▶ **Work instructions**: Please repeat the lines below exactly. Begin with the line containing "Viral ibu tua" and go on through the line containing "Gene Simmons invitó".

....

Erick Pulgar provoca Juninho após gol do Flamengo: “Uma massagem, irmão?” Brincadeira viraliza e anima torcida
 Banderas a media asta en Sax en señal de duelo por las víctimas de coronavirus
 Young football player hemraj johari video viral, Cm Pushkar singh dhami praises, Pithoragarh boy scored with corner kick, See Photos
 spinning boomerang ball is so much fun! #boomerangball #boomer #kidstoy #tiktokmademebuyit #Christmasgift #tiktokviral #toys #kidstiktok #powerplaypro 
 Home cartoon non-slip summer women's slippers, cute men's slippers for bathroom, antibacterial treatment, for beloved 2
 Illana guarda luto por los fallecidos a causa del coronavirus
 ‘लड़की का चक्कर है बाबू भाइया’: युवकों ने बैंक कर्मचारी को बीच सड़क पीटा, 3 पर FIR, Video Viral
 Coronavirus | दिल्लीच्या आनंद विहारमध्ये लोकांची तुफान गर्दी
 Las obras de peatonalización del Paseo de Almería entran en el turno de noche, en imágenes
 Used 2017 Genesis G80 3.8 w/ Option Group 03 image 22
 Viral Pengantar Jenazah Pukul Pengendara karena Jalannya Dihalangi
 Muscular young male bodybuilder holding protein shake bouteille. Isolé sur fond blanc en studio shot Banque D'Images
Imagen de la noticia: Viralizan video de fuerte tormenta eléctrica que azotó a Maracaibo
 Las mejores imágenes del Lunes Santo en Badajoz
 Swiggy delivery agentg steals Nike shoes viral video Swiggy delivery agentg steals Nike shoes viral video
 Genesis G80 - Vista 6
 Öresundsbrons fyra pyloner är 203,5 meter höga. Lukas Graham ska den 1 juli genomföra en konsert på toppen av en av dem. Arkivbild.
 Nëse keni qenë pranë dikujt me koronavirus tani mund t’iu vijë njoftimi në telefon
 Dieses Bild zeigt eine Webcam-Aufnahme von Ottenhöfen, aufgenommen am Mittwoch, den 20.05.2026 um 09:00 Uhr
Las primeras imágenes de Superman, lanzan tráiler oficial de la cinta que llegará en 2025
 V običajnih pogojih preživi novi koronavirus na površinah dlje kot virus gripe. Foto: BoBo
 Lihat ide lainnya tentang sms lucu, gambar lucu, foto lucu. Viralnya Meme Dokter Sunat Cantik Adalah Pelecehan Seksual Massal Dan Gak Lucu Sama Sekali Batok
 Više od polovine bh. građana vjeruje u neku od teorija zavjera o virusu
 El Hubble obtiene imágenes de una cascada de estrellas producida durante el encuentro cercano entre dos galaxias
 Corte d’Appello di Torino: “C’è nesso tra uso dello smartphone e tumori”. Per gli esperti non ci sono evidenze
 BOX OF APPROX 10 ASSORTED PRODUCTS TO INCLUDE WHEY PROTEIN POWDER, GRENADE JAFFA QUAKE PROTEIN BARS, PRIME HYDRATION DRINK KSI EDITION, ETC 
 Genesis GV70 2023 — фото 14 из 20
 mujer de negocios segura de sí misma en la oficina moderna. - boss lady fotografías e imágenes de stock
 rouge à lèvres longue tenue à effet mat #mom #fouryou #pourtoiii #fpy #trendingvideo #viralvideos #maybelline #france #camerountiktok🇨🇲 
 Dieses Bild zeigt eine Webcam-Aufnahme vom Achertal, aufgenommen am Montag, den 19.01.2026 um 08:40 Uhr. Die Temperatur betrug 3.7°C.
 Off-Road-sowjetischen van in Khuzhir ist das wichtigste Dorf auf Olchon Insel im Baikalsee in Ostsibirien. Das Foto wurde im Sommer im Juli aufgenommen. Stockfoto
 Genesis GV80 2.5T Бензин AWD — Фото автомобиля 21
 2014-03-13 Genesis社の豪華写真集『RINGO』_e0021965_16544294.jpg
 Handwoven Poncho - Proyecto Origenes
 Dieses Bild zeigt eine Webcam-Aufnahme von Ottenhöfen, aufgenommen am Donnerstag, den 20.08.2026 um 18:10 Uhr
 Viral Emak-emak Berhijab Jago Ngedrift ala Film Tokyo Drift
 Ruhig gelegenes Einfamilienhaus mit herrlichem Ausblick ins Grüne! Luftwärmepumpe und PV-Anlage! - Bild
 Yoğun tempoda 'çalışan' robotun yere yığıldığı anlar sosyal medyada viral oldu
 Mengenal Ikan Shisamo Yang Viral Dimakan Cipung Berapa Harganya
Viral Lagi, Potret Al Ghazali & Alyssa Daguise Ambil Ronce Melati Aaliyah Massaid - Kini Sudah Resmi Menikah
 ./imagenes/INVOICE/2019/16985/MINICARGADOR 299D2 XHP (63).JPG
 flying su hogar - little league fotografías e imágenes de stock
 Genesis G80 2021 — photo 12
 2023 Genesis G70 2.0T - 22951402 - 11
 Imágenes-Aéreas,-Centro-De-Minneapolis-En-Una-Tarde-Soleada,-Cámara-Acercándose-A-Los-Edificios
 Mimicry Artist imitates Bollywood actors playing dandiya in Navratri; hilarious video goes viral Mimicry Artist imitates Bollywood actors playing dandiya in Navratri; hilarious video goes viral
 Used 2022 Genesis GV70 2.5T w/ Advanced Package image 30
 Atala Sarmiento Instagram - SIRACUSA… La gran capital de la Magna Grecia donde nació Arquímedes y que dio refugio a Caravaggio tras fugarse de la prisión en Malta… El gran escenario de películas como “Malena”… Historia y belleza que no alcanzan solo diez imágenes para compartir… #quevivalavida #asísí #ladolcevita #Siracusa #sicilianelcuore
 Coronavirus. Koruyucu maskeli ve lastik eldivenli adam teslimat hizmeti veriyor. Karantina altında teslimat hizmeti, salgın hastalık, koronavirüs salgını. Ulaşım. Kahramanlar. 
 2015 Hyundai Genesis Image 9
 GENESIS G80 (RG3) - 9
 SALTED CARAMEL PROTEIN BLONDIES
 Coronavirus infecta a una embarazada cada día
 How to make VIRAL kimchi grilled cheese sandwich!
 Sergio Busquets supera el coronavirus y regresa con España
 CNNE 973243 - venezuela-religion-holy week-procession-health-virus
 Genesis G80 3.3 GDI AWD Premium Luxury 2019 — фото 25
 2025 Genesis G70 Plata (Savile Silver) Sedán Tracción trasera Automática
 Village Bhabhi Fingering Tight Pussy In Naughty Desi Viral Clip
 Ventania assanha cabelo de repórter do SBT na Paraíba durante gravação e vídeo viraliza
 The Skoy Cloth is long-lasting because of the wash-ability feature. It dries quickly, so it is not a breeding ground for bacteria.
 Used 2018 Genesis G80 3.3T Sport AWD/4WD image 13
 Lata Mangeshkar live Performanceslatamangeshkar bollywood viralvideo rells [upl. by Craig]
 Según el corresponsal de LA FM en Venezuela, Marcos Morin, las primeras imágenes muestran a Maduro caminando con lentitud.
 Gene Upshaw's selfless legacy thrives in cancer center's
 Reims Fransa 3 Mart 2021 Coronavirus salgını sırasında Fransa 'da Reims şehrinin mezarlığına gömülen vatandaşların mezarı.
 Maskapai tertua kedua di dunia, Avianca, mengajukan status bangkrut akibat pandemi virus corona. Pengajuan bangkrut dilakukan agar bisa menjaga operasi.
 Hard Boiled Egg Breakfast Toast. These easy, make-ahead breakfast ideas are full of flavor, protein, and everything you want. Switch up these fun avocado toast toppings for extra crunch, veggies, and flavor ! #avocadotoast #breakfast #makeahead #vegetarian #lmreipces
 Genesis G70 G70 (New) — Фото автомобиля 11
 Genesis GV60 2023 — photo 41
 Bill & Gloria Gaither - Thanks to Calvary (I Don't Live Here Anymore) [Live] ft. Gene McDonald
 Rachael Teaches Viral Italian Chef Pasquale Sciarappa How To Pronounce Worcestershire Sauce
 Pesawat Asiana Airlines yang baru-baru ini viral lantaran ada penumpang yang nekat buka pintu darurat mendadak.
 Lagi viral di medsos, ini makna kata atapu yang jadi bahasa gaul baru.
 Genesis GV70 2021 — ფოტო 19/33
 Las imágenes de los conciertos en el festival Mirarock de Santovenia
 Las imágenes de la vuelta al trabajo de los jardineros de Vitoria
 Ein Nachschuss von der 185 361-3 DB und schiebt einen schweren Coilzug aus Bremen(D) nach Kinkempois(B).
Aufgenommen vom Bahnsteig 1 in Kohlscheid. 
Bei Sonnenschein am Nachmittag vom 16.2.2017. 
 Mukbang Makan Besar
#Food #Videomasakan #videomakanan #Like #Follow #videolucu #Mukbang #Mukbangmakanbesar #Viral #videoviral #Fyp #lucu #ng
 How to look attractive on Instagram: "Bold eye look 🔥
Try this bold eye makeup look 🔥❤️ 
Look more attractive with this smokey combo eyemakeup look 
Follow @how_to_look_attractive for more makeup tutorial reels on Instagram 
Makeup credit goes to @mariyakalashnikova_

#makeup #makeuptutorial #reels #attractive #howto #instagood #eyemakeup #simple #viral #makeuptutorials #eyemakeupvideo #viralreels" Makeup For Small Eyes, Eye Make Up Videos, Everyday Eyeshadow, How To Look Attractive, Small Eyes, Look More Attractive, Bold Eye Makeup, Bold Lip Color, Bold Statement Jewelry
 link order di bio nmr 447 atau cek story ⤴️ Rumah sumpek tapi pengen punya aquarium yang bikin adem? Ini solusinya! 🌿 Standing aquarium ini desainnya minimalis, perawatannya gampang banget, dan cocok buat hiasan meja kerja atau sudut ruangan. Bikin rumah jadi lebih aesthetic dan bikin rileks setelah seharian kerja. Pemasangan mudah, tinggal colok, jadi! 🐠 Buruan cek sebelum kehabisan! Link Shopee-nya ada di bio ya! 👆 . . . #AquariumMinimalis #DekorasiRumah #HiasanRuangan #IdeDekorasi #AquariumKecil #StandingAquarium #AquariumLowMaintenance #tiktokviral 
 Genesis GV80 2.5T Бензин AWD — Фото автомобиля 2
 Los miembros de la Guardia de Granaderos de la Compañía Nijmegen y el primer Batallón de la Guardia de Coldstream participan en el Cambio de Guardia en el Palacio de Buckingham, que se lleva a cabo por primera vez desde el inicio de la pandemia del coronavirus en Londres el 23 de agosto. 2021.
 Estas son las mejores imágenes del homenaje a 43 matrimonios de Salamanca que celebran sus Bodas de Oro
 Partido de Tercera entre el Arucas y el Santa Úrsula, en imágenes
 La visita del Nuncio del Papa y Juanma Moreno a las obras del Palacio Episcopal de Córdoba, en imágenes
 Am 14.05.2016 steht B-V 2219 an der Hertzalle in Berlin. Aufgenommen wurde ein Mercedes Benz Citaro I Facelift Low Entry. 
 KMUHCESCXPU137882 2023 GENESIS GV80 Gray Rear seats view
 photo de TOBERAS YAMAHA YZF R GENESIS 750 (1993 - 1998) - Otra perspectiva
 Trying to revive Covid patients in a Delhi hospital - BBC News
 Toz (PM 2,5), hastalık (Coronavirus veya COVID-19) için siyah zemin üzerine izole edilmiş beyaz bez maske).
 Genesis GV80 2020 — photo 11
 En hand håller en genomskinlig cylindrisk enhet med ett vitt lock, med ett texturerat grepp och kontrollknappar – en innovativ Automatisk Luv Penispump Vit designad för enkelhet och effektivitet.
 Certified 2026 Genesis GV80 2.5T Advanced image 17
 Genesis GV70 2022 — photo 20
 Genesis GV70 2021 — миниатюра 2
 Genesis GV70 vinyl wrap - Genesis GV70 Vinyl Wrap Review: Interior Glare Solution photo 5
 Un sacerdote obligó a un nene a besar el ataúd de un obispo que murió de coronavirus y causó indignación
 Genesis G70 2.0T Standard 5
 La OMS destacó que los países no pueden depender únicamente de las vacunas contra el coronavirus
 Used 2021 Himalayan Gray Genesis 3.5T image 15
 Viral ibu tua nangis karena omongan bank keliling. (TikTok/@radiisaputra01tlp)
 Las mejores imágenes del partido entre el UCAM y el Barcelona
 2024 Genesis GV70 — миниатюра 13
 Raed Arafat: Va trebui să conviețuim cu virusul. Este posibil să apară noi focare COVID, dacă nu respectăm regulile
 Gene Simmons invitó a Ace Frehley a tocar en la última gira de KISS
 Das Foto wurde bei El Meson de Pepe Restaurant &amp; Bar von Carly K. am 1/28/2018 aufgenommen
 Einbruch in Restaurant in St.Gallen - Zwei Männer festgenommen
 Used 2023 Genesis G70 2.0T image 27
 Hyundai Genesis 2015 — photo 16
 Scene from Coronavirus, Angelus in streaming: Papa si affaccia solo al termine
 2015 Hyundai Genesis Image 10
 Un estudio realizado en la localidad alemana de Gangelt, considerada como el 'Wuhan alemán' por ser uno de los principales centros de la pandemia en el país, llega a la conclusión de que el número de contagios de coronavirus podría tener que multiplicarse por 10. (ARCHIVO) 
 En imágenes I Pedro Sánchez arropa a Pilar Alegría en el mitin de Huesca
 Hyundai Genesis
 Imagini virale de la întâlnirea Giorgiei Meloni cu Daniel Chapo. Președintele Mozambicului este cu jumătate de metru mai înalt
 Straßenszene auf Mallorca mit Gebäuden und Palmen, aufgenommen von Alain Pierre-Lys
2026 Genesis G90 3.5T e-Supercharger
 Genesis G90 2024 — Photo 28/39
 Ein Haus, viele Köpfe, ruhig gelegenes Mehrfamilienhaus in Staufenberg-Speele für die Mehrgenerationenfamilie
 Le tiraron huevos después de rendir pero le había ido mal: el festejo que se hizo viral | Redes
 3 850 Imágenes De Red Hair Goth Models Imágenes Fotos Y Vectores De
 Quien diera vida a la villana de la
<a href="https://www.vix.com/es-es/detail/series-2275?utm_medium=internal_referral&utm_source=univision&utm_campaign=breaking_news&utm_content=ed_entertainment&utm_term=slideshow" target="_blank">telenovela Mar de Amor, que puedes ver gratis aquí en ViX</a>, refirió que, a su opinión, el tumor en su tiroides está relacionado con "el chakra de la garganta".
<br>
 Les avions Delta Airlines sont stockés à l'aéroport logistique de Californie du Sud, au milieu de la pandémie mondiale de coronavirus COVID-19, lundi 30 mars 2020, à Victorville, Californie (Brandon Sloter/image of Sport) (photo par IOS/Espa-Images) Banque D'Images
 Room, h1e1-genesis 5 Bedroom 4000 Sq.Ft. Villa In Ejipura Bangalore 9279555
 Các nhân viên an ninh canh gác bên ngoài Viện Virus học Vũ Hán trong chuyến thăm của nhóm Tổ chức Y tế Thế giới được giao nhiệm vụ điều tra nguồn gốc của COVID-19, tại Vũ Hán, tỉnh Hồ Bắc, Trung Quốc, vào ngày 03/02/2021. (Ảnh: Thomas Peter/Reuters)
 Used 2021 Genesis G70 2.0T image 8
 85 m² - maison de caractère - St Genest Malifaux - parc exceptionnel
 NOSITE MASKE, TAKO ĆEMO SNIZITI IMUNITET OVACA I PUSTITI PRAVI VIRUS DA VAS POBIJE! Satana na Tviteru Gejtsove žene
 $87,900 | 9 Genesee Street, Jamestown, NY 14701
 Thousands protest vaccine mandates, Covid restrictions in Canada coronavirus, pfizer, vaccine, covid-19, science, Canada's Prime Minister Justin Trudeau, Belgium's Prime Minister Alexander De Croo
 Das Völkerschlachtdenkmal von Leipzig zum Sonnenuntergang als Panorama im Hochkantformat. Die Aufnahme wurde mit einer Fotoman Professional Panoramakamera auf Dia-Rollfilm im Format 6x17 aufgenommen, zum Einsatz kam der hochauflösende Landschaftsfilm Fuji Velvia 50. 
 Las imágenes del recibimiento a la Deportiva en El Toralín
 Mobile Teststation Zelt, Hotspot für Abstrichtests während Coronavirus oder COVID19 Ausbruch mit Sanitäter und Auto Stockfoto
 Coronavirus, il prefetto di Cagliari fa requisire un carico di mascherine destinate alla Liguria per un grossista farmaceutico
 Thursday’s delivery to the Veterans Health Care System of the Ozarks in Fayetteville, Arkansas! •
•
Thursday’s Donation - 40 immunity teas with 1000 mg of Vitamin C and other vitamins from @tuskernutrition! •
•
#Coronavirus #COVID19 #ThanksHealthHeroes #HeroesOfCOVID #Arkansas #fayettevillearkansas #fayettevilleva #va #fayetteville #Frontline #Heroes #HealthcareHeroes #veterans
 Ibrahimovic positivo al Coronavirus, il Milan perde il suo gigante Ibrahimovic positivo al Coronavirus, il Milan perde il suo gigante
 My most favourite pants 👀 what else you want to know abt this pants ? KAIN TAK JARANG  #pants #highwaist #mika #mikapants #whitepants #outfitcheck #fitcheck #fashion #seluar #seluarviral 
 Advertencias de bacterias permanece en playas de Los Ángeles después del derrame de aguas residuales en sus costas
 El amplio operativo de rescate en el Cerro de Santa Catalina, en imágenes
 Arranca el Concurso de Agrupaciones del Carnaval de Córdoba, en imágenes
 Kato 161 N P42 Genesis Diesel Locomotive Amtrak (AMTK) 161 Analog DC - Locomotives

....

▶ **Your response**:
 Viral ibu tua nangis karena omongan bank keliling. (TikTok/@radiisaputra01tlp)
 Las mejores imágenes del partido entre el UCAM y el Barcelona
 2024 Genesis GV70 — миниатюра 13
 Raed Arafat: Va trebui să conviețuim cu virusul. Este posibil să apară noi focare COVID, dacă nu respectăm regulile
 Gene Simmons invitó a Ace Frehley a tocar en la última gira de KISS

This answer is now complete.